Butzer, realizing the need of discipline, as indicated above, did his best to introduce it in the Reformed state church in Strasburg, but his attempts to this end were in vain. Calvin, on the other hand, was successful in his efforts toward this end. He enforced church discipline in the city of Geneva. His method of enacting discipline was by coercion through the civil authorities. To a greater degree than Luther, Zwingli, Butzer, or any other reformer, John Calvin succeeded in the endeavor of making the state do the bidding of the state church. Excommunication was practiced in the Geneva state church, and excommunicated persons were not tolerated within the borders of the state.

In the debate held at Zofingen in 1532, a spokesman of the Reformed state church said, that to excommunicate (according to the usage of the Anabaptists) all who were guilty of transgression, was impracticable, for the reason that the result would be that "the number of the excommunicated would exceed that of the pious, and they would exile and drive out the pious."
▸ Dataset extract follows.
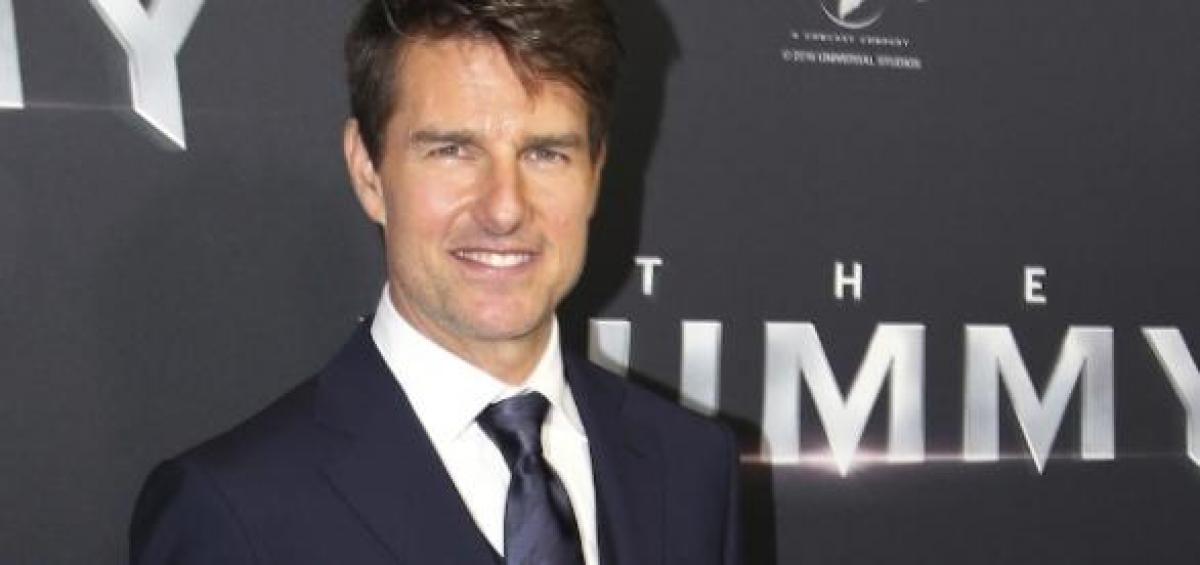 Tom Cruise confirms Top Gun sequel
The Swiss Brethren, as repeatedly stated, never swerved from the position which Zwingli and other reformers had originally shared with them, as concerns scriptural discipline. In the great disputations which, after Zwingli's death, the Brethren had with the leaders of the Protestant state church, the Brethren showed that discipline is a vital characteristic of a true Christian church. "There is no [true] church where there is no excommunication after the manner and method of the apostles," said one of their spokesmen in the disputation of Bern, in 1538. The theologians of the state church, on the contrary, defended the view that under a [nominally] Christian government, where the civil authorities punish wrongdoing, church discipline is not essential. And yet at the same time they expressed regret that discipline could not be practiced in their church.

Menno Simons wrote on church discipline:

It is evident that a congregation or church cannot continue in the salutary doctrine and in a blameless and pious life without the proper use of discipline. Even as a city without a wall and gates, or a field without an enclosure or fence, or a house without walls and doors, so is also a church without the true apostolic exclusion. For it would be open to all deceiving spirits, all godless scorners and haughty despisers, all idolatrous and insolent transgressors, yes to all lewd debauchers and adulterers, as is the case with all the great sects of the world. In my opinion it is a vital characteristic, an honor and a means of prosperity for a true church to practice with Christian discretion the true apostolic exclusion and to observe it carefully with vigilant love according to the teaching of the holy divine Scriptures.